----- Source information -----

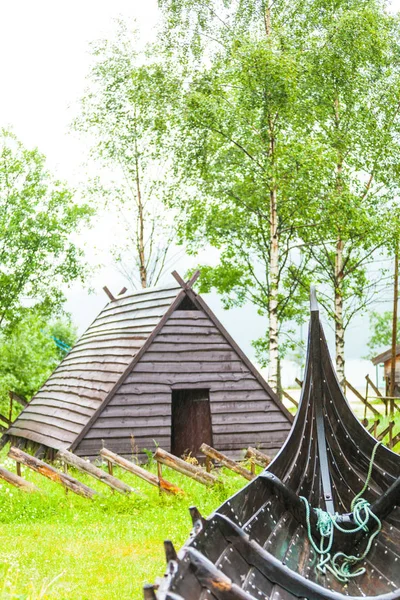 Parte del viejo barco vikingo de madera en la naturaleza noruega — Foto de Stock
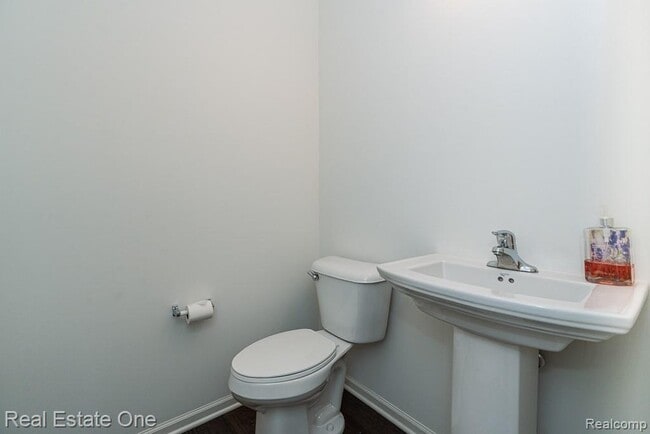Building Photo - 4637 Bradley Cir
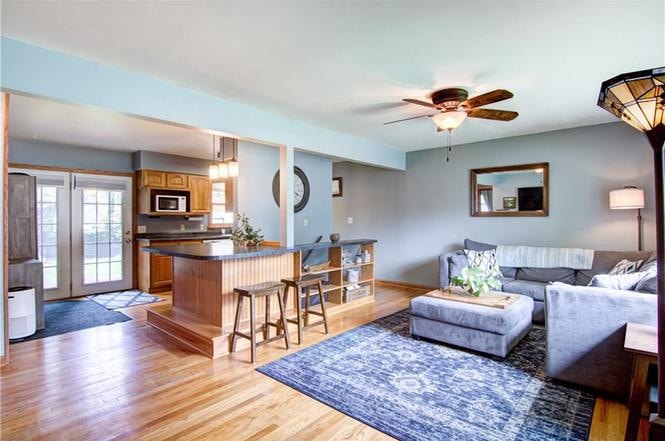 Building Photo - 2944 Uranus Ave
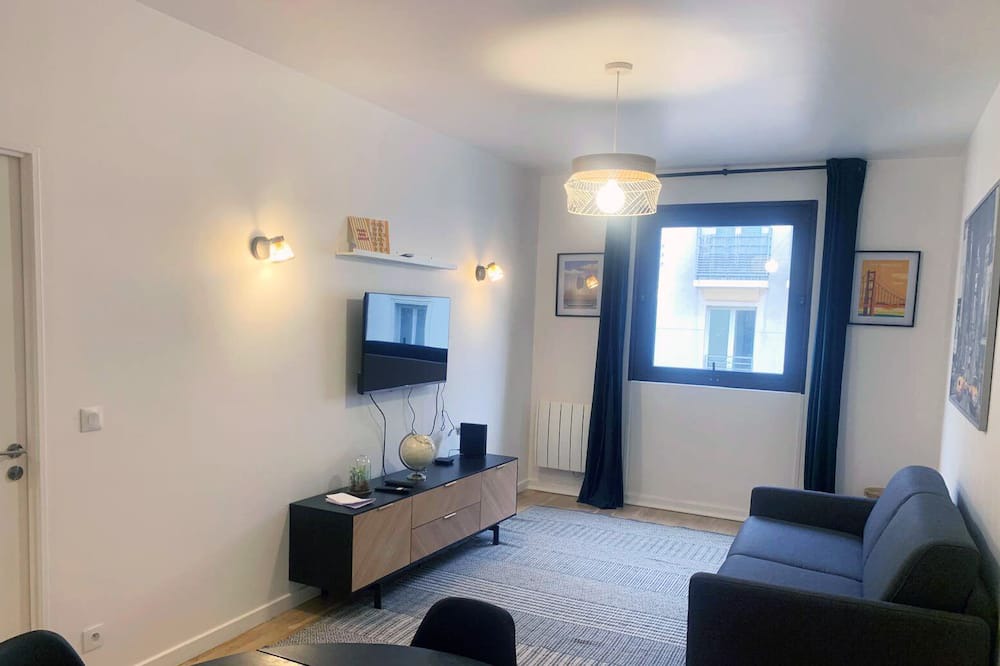Quartier Sainte-Marguerite Apartment | Urban Flat 167 - Luxury 1 Bedroom Flat in Paris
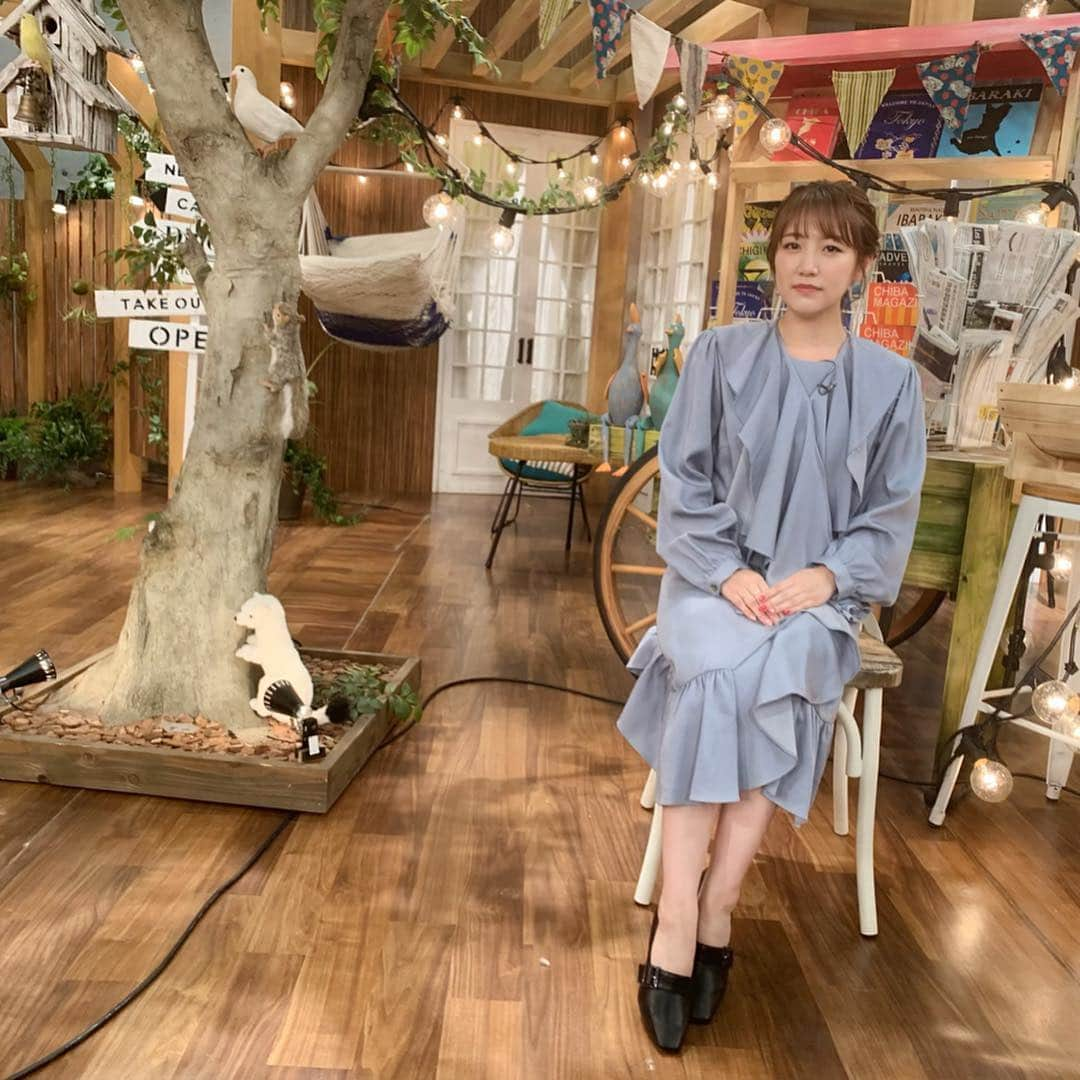 高橋みなみさんのインスタグラム写真 - (高橋みなみInstagram)「NHK総合  首都圏情報ネタドリ！ 衣装が薄手になってきました☺️ と言いつつ最近は寒暖差が激しいので、私服は中々春服着れない日もあるから こうやって衣装で春めくことができるのは嬉しい😊  1枚目の衣装👗 ブラウス@rpko_official スカート@a.saught イヤリング@mgb_jp パンプス@re_rz  2枚目の衣装👗 ワンピース@adelly.tokyo パンプス@charleskeith_jp  #首都圏情報ネタドリ #nhk総合  #nhk  #tv #fashion  #love #happy」4月28日 16時51分 - taka37_chan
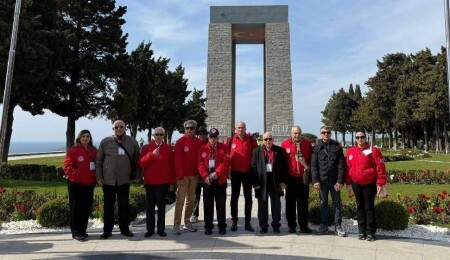 Şehit Aileleri ve Malul Gaziler Derneği heyeti Çanakkale Şehitler Abidesi’nde düzenlenen törenlere katıldı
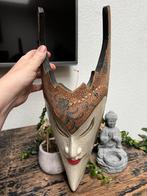 Houtsnijwerk masker uit Bali Indonesie bekleed met batik, Huis en Inrichting, Woonaccessoires | Wanddecoraties, Verburgt Vintage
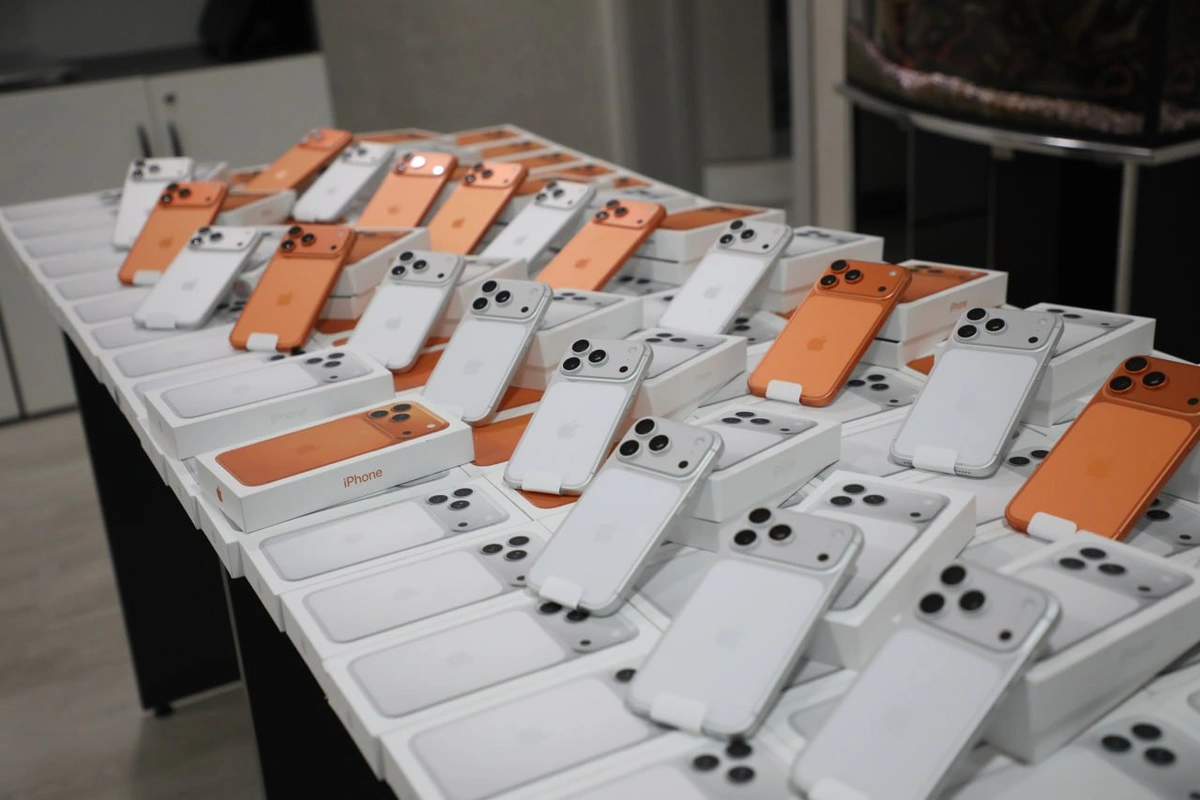 iphone 17, контрабанда, таможенный комитет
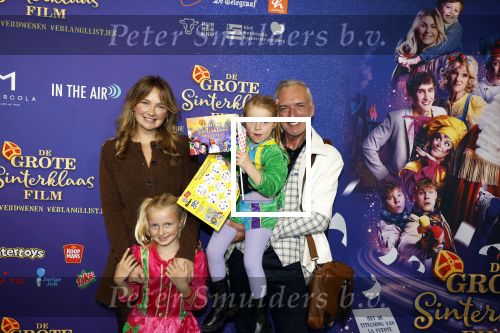 Amsterdam 5 oktober 2025
Premiere sinterklaas film in Pathe Noord. martien Meiland kwam met dochter Maxime Meiland en haar dochters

-----

▶ What the exercise asks:
Starting at the line that contains "Building Photo - 2944 Uranus Ave", write out every line through the end of the entries above exactly, and omit the pictures.

▶ Task answer:
 Building Photo - 2944 Uranus Ave
Quartier Sainte-Marguerite Apartment | Urban Flat 167 - Luxury 1 Bedroom Flat in Paris
 高橋みなみさんのインスタグラム写真 - (高橋みなみInstagram)「NHK総合  首都圏情報ネタドリ！ 衣装が薄手になってきました☺️ と言いつつ最近は寒暖差が激しいので、私服は中々春服着れない日もあるから こうやって衣装で春めくことができるのは嬉しい😊  1枚目の衣装👗 ブラウス@rpko_official スカート@a.saught イヤリング@mgb_jp パンプス@re_rz  2枚目の衣装👗 ワンピース@adelly.tokyo パンプス@charleskeith_jp  #首都圏情報ネタドリ #nhk総合  #nhk  #tv #fashion  #love #happy」4月28日 16時51分 - taka37_chan
 Şehit Aileleri ve Malul Gaziler Derneği heyeti Çanakkale Şehitler Abidesi’nde düzenlenen törenlere katıldı
 Houtsnijwerk masker uit Bali Indonesie bekleed met batik, Huis en Inrichting, Woonaccessoires | Wanddecoraties, Verburgt Vintage
 iphone 17, контрабанда, таможенный комитет
 Amsterdam 5 oktober 2025
Premiere sinterklaas film in Pathe Noord. martien Meiland kwam met dochter Maxime Meiland en haar dochters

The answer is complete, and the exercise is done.